Y obrando en consecuencia, instauran como recurso único de combate el método punitivo, el uso de la fuerza y de la ley para perseguir, encarcelar y a veces ejecutar al “culpable”, pensando que, como reza irónicamente el refrán, “muerto el perro se acabó la rabia”. Sin embargo, una reflexión más seria y autocrítica descubre fácilmente que el crimen no puede explicarse achacando todo a las “malas inclinaciones” o a la “mala índole” del individuo; fácilmente se cae en la cuenta de que cualquier delito, aun el más leve, es siempre multifactorial, el resultado de diversas causas, simples y directas algunas, indirectas y complejas otras, que se combinan y refuerzan mutuamente, pero todas o la mayoría totalmente ajenas al control del delincuente. Y si se ve el problema bajo esta lógica también se hace evidente que su combate no puede ser simplista, que no puede reducirse sólo al uso de la fuerza y de la punición legal, dejando intactas las causas que lo generan y reproducen, pues, obrando así, todo se vuelve un cuento de nunca acabar en el que, para colmo de males, se derrochan ingentes recursos que podrían tener mejor destino, es decir, aplicarse a combatir las verdaderas causas estructurales del delito.

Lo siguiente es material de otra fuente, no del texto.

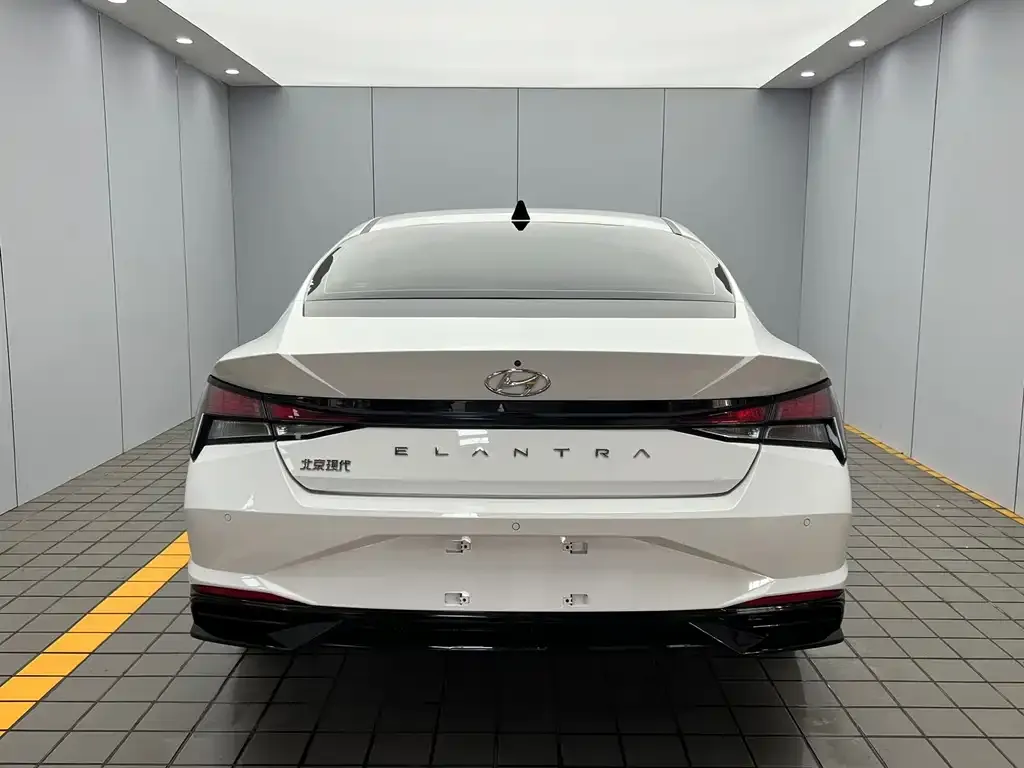 Hyundai Elantra — фото 9
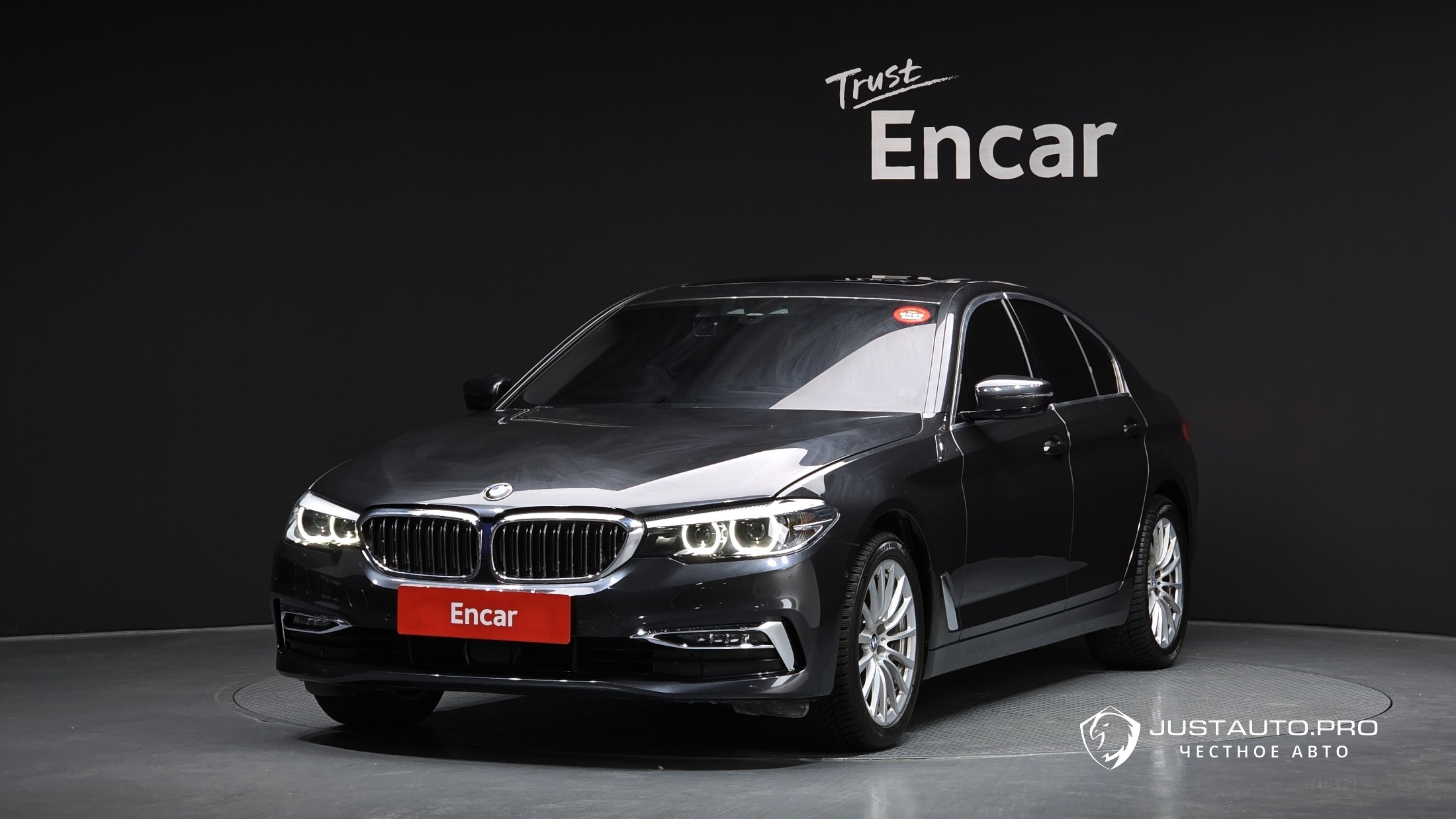 Автомобиль BMW 5-Series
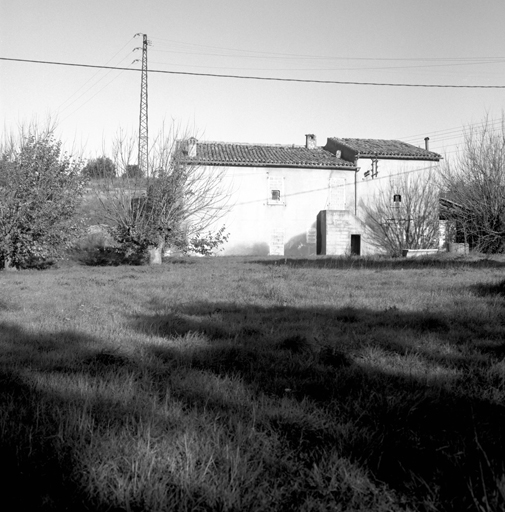 Ferme à Bourgarel. ; Façade antérieure sud-ouest. ; Ferme à Bourgarel.
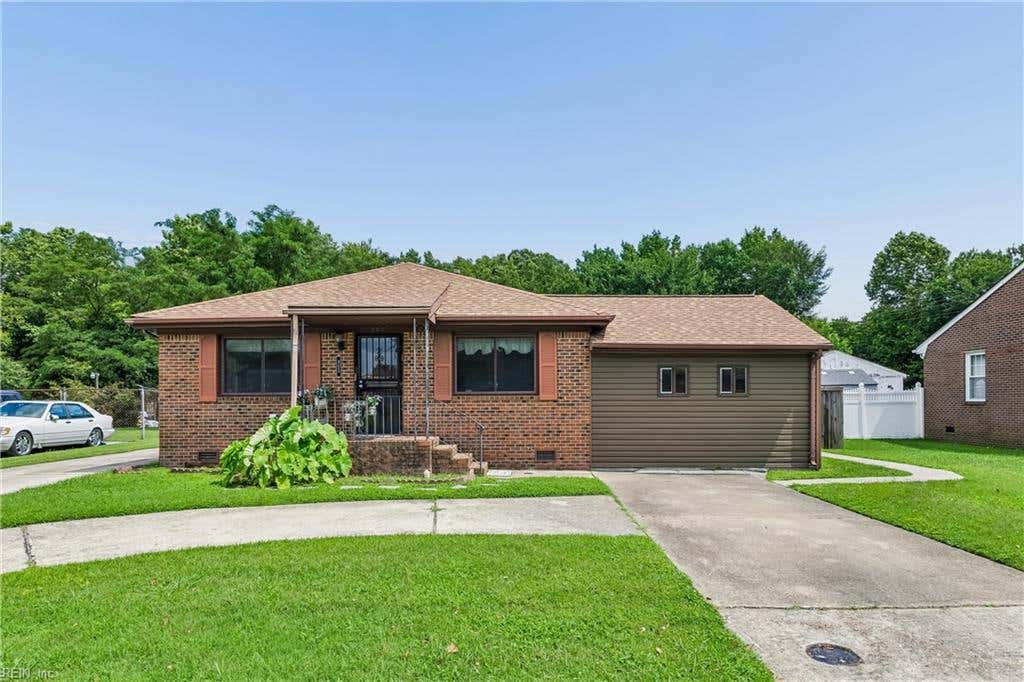 Photo of 805 Portland Street, Chesapeake, VA 23324 (MLS # 10647753)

El Presidente Calderón entró pisando fuerte en materia de combate al narcotráfico y al crimen organizado, como lo prueba el operativo en Michoacán. Y he podido detectar que hay consenso en que la intención es plausible y que la acción está correctamente orientada, ya que nadie duda de la necesidad de poner un alto al tráfico de enervantes y a la violencia criminal que lo acompaña. Pero también me consta que son muchos los que dudan del éxito de la maniobra, en primer lugar porque el narcotráfico es justo el tipo de delito que ilustra, mejor que nada, el carácter social y multifactorial del crimen. Su florecimiento y su tremenda capacidad de sobrevivencia no se entenderían sin un terreno social favorable y sin los fuertes asideros y apoyos que le brindan autoridades de todo tipo y de diverso nivel. En tal sentido, sus verdaderos aliados son la pobreza, la corrupción generalizada, los valores perversos que nuestra sociedad coloca en el sitio de honor, como el consumismo desenfrenado que, para satisfacerse, busca los medios donde los encuentre y al precio que sea, la elevación de la riqueza personal a sinónimo de felicidad, poder omnímodo y prestigio social, etc., etc. Los “burreros”, los narcomenudistas, los campesinos que siembran el enervante, los pistoleros, son gentes que se enganchan al crimen, cuando menos en su gran mayoría, porque los empuja su miseria; la corrupción de los jefes policiacos, de jueces y funcionarios públicos es hija también de la pobreza, pero más que nada, del afán de riqueza rápida y fácil; y, finalmente, y sólo a título de ejemplo, los cárteles del narcotráfico sacan su vitalidad y capacidad de regeneración, de la tremenda fuerza espiritual que les da la certeza de que, en una sociedad como la nuestra, el dinero lo compra todo, incluido el poder necesario para delinquir, e, incluso, para ser admirados y reverenciados por el mundo entero. Por tanto, la lucha presente no se podrá ganar si, al mismo tiempo, no se combaten los factores que los hacen fuertes y capaces de burlar la acción del Estado. Sin cambios sociales serios y profundos no hay victoria duradera posible.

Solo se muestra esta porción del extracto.